5. Wrong Hunting Site
Some hunters get their kills within a few hours of their hunt, while others go the entire day without seeing an animal. It occurs due to differences in the chosen locations. While it makes sense to avoid crowded regions, you should also prevent empty hunting grounds, even if they are designated as hunting hotspots.
6. Incorrect Bow and Arrow Combination
An arrow has a specific weight and size, and there is a crossbow made just for it. As a result, if you don’t have the appropriate arrow and bow combination, your shooting results may be poor. That is an extremely common blunder. Even the best crossbows will not produce satisfactory results when used in conjunction with the wrong arrows.
7. Placing Shorts Incorrectly
To take down the animal, you’re after, you’ll need to attack it in the right spot. For example, a hog should be shot near the heart, and a deer should be shot 4 inches above the first shoulder joint. Miscalculating distances is another big crossbow mistake that must be avoided. In many circumstances, you release the arrow with the expectation that it will reach a specific place.
On the other hand, the arrow may wind up exceeding the distance or failing to reach it in the first place. The most effective technique to deal with this problem is to practice until you know how much strength you’ll need to get the arrow where you want it to go.
8. Inadequate Stealth
You should not make unnecessary noises when hunting because this will frighten your prey and put them on edge. When you go snapping twigs and walking on noisy dry leaves, you might ruin a hunting trip for everyone. It would help if you kept a low profile. Knowing your effective range before the animal shows up will save you time and reduce movement in your blind or stand.

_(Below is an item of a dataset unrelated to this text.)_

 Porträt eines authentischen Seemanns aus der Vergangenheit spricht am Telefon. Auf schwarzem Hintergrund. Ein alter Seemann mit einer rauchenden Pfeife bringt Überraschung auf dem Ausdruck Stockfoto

Take the help of a range finder to confirm the distance to recognized objects in your shooting lanes and utilize them as reference points.
9. Believing that the arrows will land at the same location
This one of the worst crossbow mistakes does occur more frequently than it should while hunting. Some inexperienced crossbow hunters make the mistake of believing that the broadhead arrows that they shot will land exactly where their practice tip did. If you’re a vertical bowhunter who’s switched to crossbows, you’re well aware that this isn’t always the case. However, if you’ve never hunted before, you may be unaware of this.
You can only get your broadheads to hit in the same point of impact as your practice heads with the right mix of crossbow, arrow, and broadhead.
When you can avoid the aforementioned worst crossbow mistakes and make more effective crossbow shots, hunting with a crossbow becomes a lot more enjoyable. In general, ensure that you have the proper equipment and sufficient hunting and crossbow skills. The good news is that many crossbow makers are now attempting to find ways to avoid these mistakes from occurring.
They’re working on new and better features that will protect hunters while shooting crossbows and the crossbows themselves from being destroyed by our human blunders. Therefore, you must purchase a crossbow with all necessary safety features and ensure that you have enough practice of shooting crossbows.